Él asiente y sigue comiendo. Cierro los ojos. Todavía huelo a Sarah en el cuello de la camisa, y siento su mano en mi mejilla. Sus labios en los míos, la textura de su pelo al acariciarlo. No puedo pensar en otra cosa que en lo que estará haciendo, y en cómo me gustaría que estuviera aún conmigo.
—¿Tú crees que es posible que nos quieran? —pregunto al fin.
—¿De quiénes hablas?
—De los seres humanos. ¿Crees que pueden querernos, pero querernos de verdad?
—Creo que pueden querernos del mismo modo que se quieren unos a otros, sobre todo si no saben lo que somos, pero no creo que se pueda amar a un ser humano del mismo modo que se ama a un lórico —responde.
—¿Por qué?
—Porque, en el fondo, somos distintos de ellos. Y amamos de distinta forma. Uno de los dones que nos dio nuestro planeta es el de amar completamente. Sin celos, sin inseguridades, sin miedos. Sin egoísmo. Sin ira. Puede que albergues sentimientos profundos hacia Sarah, pero no es lo que sentirías por una chica lórica.
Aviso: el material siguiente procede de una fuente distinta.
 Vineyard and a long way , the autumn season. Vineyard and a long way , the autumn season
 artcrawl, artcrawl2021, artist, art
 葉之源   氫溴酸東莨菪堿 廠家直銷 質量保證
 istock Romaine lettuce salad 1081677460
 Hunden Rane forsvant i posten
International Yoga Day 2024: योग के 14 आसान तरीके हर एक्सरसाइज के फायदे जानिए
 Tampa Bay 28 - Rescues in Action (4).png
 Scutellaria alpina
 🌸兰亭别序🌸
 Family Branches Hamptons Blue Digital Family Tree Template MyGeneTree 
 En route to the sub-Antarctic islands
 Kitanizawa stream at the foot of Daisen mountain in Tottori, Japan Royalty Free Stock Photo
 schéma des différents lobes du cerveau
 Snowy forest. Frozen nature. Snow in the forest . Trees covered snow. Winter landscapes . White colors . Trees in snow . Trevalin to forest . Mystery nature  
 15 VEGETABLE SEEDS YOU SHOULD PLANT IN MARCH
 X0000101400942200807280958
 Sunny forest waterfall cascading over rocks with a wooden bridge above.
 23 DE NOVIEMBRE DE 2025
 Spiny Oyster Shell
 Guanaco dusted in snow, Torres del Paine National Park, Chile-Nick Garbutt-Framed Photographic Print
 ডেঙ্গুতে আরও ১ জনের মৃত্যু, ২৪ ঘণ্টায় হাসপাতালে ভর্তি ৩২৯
—No es que haya muchas chicas lóricas por los alrededores.
—Precisamente por eso deberías andar con cuidado con Sarah. Llegará un momento, si sobrevivimos hasta entonces, en que necesitaremos regenerar nuestra raza y repoblar Lorien. Naturalmente, todavía queda mucho para que tengas que preocuparte por eso, pero yo no contaría con que Sarah llegue a ser tu pareja.
—¿Qué pasaría si intentáramos tener hijos con seres humanos?
—Ha ocurrido ya muchas veces. Por lo general, eso da lugar a un ser humano excepcional, a alguien muy dotado. Algunas de las mayores figuras de la historia de la Tierra eran producto de un ser humano y un lórico, como Buda, Aristóteles, Julio César, Alejandro Magno, Gengis Kan, Leonardo da Vinci, Isaac Newton, Thomas Jefferson y Albert Einstein. Muchos de los dioses de la Grecia antigua, a los que mucha gente considera mitos, eran en realidad hijos de seres humanos y lóricos, sobre todo porque en esos tiempos estábamos en este planeta con mucha más frecuencia, y los ayudábamos a desarrollar las civilizaciones. Afrodita, Apolo, Hermes y Zeus existieron todos de verdad, y tuvieron un padre o una madre lóricos.
—Entonces, es posible.
—Era posible. En nuestra situación actual, sería poco práctico, por no decir temerario. De hecho, aunque no sé cuál es, qué número es, ni tengo ni idea de dónde está, uno de los niños que vinieron a la Tierra con nosotros era la hija de los mejores amigos de tus padres. Solían decir en broma que el destino quería que los dos terminarais juntos. Quién sabe, es posible que tuvieran razón.
—Entonces, ¿qué hago?
—Aprovecha el tiempo que pases con Sarah, pero no te encariñes demasiado con ella, y no dejes que ella se encariñe demasiado contigo.
—¿Lo dices de verdad?
—De verdad, John. Si tienes que creerte algo de lo que yo te diga, que sea esto.
—Me creo todo lo que dices, aunque no siempre quiera.
—Así me gusta —dice Henri, lanzándome un guiño.
Me meto en mi habitación y llamo a Sarah. Pienso en lo que me ha dicho Henri antes de hacerlo, pero no puedo evitarlo. Me he encariñado mucho con ella. Creo que estoy enamorado. Hablamos dos horas enteras. Ya es medianoche cuando terminamos la llamada. Después, me tumbo en la cama sonriendo en la oscuridad.